Good writers have an ear for what works, what sounds right, what brings both meaning and pleasure at the same time. And good writers have a personal style, and they have some wit (we don’t need boring, scientific books about important topics very often), and they make you smile but not laugh aloud. (That’s the difference between humor and comedy; the former make you smile, the latter make you laugh.)
Epstein led me to think that too much reading of scholarship hurts writing — and for some that is blasphemous, but for me it was a ray of golden light. If I spend all my time reading journal articles and academic monographs and commentaries, the cadence and tone and style of that writing will be what I will produce when I sit down to write.

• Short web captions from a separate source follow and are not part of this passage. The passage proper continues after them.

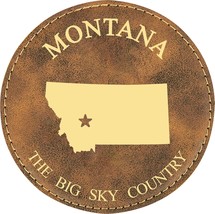 Montana State Outline with Motto 4&quot; Round Leather 6-Coaster Set with Hol... - $23.99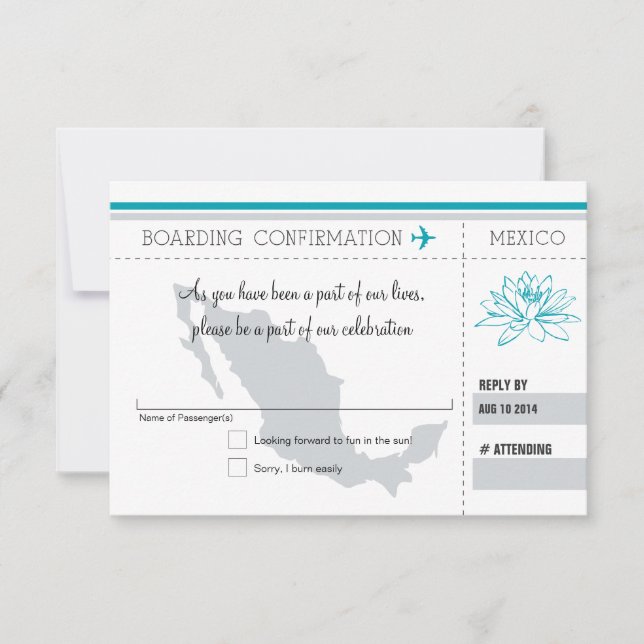 Carte de réponse RSVP sarcelle et grise Billet d'e (Devant)
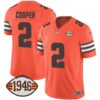 Men’s Browns 1946 75th Anniversary Patch Jersey – All Stitched – Orange – Amari Cooper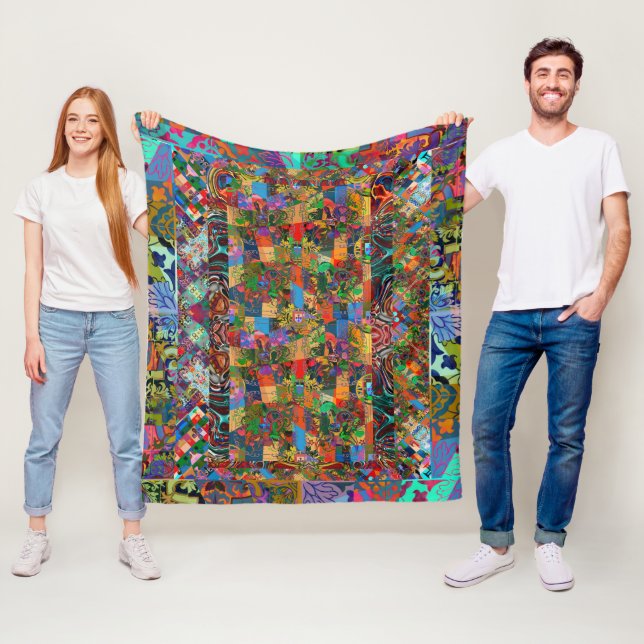 Portuguese folk art fleece blanket (In Situ)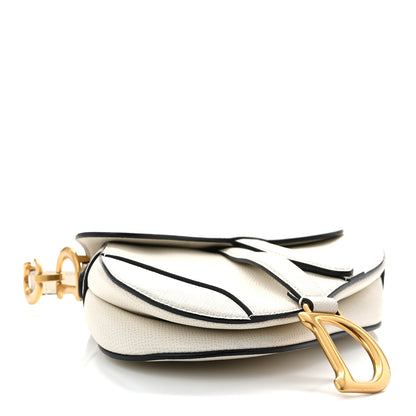 Christian Dior Grained Calfskin Mini Saddle Bag White 4 of 10
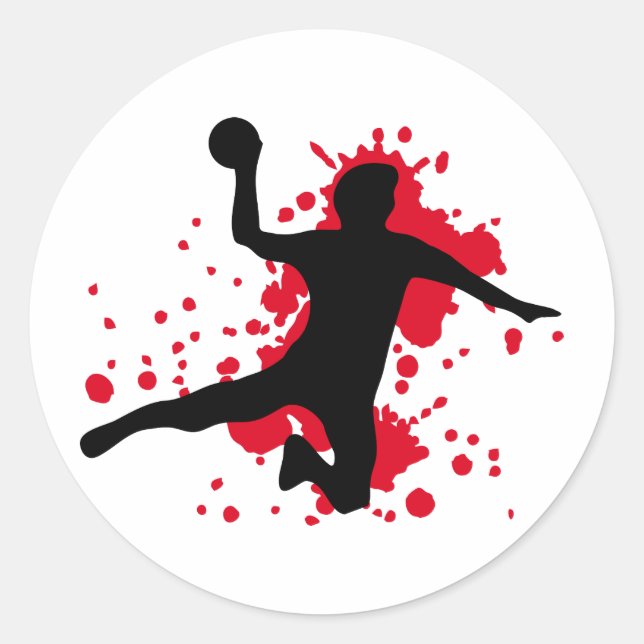blutige Handball-Dodgeball Runder Aufkleber (Vorderseite)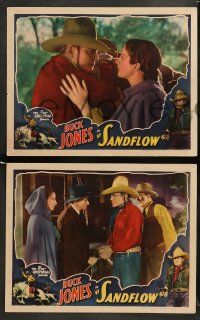 8w798 SANDFLOW 3 LCs '37 great images of western cowboy Buck Jones with Lita Chevret!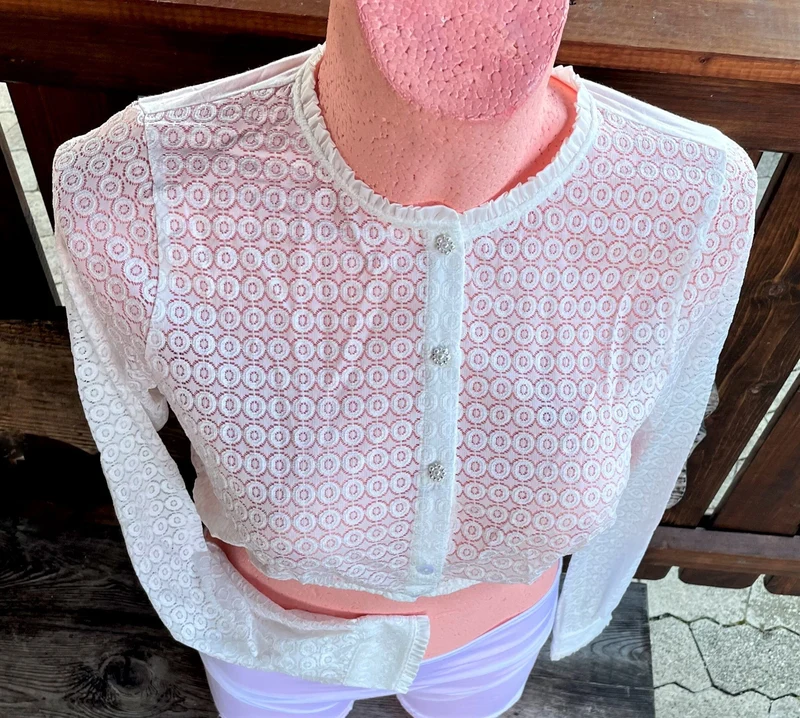 Dirndlbluse Spieth & Wensky, Langarm, hochgeschlossen, Tabora, offwhite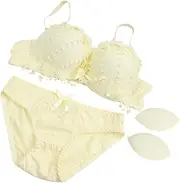 [WATIIFUFU] Elegant Lace Bra Set Women's Underwear Bra and Panties Push up Bra Soft Material 75b Yellow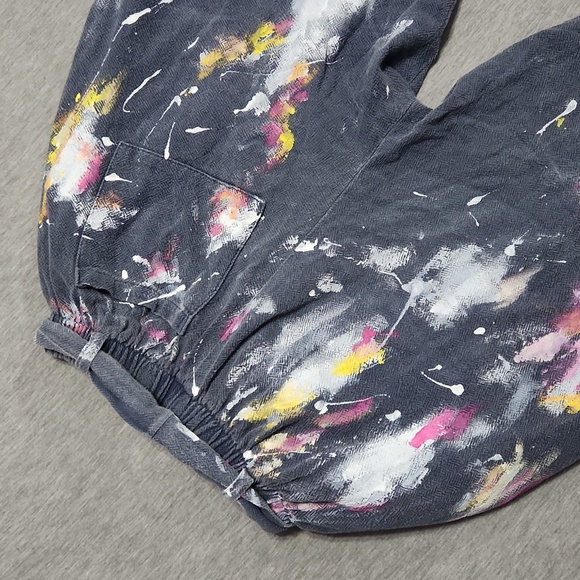 RARE!! Y2K Early 2000's Hand-Painted High Rise Baggy Wide Leg Pants - Picture 5 of 9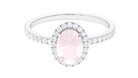 Oval Rose Quartz Halo Engagement Ring with Diamond Rose Quartz - ( AAA ) - Quality - Rosec Jewels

But, if I begin my writing day by reading a few pages of C.S. Lewis or C.H. Dodd or C.F.D. Moule or Joseph Epstein, with a little Mark Twain tossed in for fun — or even James Thurber — well, then, what I write will have a lighter cadence and little soft glow about it. And if you want to be understood and read, then you have to write in such a way that people can read you and find pleasure in your prose. If not, they may buy your stuff but never read it. Worse yet, they buy your stuff, find it a snore, and never open another book with your name on it.
Here’s what I suggest you do: buy P. Lopate’s big one volume anthology of essays, and read the thing through, pick out your favorite writers, and start reading them one by one. You’ll rise up and call me “Blessed!’ I promise you.
When I was in seminary I “found” (the way Brian McLaren found a social meaning to “kingdom”) E.B. White — not his fiction, which I’ve not read one word of — but his essays. I loved Second Tree from the Corner and One Man’s Meat and The Essays of E.B. White, and I read them all. It helped me to read White but I didn’t make a steady diet of reading good writers like White, so I fell back into the prose of mind-numbing scientists, and it shows up in my unreadable books, like A Light among the Gentiles.
So, if I had it to do all over again, which I don’t get to do nor do I care to — it took too much work to get to where I am now and I don’t get to start all over — but if I did, I know I’d do this to help my writing: I’d read good writers all the time. Especially when I began a day of writing.